LC Rough Caress said:Bleh, just toss his ass out of the airlock and be done with it.
"Explosive decompression in 3...2...1"
mistresssilkeng said:LOL is he worth the effort?
Silken
LC Rough Caress said:If it would get rid of him for good, it would most definitely be worth the effort. However, no doubt after he exploded in all manner of chewy goodness, he would no doubt reassemble himself like some Tetris puzzle from hell and continue to bother us. It would be as a great man once said:
"If you strike me down I shall become more powerful than you can possibly imagine."
mistresssilkeng said:Or take a cue from another thread and work the dismemberment angle burying the parts on different ends of the earth never to reconnect? Just food for thought
Silken
LC Rough Caress said:Ew ew ew EW EW EW EW EW!!!!!!!!
Bad dog, no biscuit.
mistresssilkeng said:LOL I am eww?? when you wanted that person to explode? I cannot see how My answer is so horrible. But since it has upset you so i can stick to a sound explosion and gooey stuff all over
Silken
LC Rough Caress said:I may have wanted him to explode, but all I would have to do is press a button. Your plan would have me chopping him up and getting blood, ass, and guts everywhere. See you can only watch someone explode from decompression in space, so when he blew up we wouldn't have any mess to clean up, simple ass that.
mistresssilkeng said:LMAO well if you want to go star trek on him and deal with space travel rather than simple murder and dismemberment, which by the way if you chop up after death they don't bleed as the blood coagulates (pretend that I can spell that word). So we may need to think of an alternative, how about simple ridicule until he dies of shame and embarrassment??
Silken
LC Rough Caress said:Ok, you do that and I'll go to bed. Night!

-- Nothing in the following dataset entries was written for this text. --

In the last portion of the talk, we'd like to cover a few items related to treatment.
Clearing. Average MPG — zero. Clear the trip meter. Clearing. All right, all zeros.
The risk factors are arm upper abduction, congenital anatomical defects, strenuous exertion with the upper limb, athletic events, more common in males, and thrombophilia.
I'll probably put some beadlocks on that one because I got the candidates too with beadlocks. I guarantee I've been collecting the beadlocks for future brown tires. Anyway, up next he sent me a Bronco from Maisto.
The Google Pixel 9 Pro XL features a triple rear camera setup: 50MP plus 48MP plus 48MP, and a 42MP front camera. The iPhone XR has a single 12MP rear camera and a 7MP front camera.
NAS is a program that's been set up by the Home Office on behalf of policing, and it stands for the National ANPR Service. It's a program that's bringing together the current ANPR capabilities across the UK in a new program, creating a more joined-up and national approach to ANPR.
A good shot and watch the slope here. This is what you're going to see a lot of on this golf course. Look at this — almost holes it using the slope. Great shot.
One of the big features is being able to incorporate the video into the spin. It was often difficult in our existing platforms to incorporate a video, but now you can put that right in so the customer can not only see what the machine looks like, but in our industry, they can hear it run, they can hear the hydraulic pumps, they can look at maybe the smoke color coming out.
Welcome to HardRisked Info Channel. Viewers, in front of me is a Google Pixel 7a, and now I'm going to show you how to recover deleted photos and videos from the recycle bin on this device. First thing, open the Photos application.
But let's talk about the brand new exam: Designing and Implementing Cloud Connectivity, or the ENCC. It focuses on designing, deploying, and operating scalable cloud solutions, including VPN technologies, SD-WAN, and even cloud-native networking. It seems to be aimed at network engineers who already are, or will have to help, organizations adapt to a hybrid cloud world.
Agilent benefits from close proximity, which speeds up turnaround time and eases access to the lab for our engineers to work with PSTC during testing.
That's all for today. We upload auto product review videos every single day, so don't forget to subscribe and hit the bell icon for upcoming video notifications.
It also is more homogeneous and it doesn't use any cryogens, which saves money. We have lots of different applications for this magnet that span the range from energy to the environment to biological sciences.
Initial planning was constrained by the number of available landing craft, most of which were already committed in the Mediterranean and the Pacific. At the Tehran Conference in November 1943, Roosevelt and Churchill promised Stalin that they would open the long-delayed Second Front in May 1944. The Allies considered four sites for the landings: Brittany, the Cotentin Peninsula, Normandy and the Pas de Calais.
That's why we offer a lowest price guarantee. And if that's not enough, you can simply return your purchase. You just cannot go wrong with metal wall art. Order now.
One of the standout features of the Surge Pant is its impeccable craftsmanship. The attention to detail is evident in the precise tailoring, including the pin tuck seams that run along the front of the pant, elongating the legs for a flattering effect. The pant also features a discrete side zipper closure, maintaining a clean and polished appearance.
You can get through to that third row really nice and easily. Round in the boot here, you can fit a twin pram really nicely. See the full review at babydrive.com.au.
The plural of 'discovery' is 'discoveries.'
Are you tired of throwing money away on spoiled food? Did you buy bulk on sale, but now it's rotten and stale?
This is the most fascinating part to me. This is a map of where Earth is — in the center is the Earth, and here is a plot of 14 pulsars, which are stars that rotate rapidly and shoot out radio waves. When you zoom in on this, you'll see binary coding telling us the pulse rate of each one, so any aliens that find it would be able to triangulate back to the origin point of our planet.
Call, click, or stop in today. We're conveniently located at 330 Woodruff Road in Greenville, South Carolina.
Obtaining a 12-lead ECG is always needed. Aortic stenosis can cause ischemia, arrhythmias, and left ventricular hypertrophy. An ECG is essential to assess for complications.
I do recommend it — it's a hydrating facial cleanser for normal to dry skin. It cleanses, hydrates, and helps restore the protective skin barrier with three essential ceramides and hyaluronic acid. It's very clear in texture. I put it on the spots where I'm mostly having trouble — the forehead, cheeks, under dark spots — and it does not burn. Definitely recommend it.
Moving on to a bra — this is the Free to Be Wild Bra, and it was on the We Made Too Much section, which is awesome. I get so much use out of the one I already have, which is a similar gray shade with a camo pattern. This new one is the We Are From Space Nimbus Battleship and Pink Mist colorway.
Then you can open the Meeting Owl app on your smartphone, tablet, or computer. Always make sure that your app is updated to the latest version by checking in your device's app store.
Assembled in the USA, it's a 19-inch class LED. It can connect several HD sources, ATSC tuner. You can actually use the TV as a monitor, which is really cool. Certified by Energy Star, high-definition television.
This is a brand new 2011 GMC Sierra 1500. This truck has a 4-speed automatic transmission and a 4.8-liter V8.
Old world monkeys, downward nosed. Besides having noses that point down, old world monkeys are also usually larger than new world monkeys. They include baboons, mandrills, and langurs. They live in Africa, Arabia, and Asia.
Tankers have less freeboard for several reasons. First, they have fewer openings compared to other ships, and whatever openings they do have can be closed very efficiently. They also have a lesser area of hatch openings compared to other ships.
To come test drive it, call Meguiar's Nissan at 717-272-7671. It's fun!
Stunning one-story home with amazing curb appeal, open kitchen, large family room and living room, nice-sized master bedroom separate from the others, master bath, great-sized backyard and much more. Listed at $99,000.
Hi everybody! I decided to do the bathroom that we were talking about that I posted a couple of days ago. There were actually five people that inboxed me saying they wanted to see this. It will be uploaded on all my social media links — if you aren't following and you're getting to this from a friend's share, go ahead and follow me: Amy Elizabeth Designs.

mistresssilkeng said:LMAO well if you want to go star trek on him and deal with space travel rather than simple murder and dismemberment, which by the way if you chop up after death they don't bleed as the blood coagulates (pretend that I can spell that word). So we may need to think of an alternative, how about simple ridicule until he dies of shame and embarrassment??
Silken
Cuckolded_BlK_Male said:A quicker way is to stab through his sternum with ... oh let's say an ice-pick. That would stop his heart from pumping blood. Then, you attach chains to his ankles and hang him by his feet over a bathtub. Next you deeply cut his throat from ear to ear and go watch T.V. while the blood drains. Only then can you break out the plastic tarp and hack-saws and cut him up and dispose of the pieces without too much mess.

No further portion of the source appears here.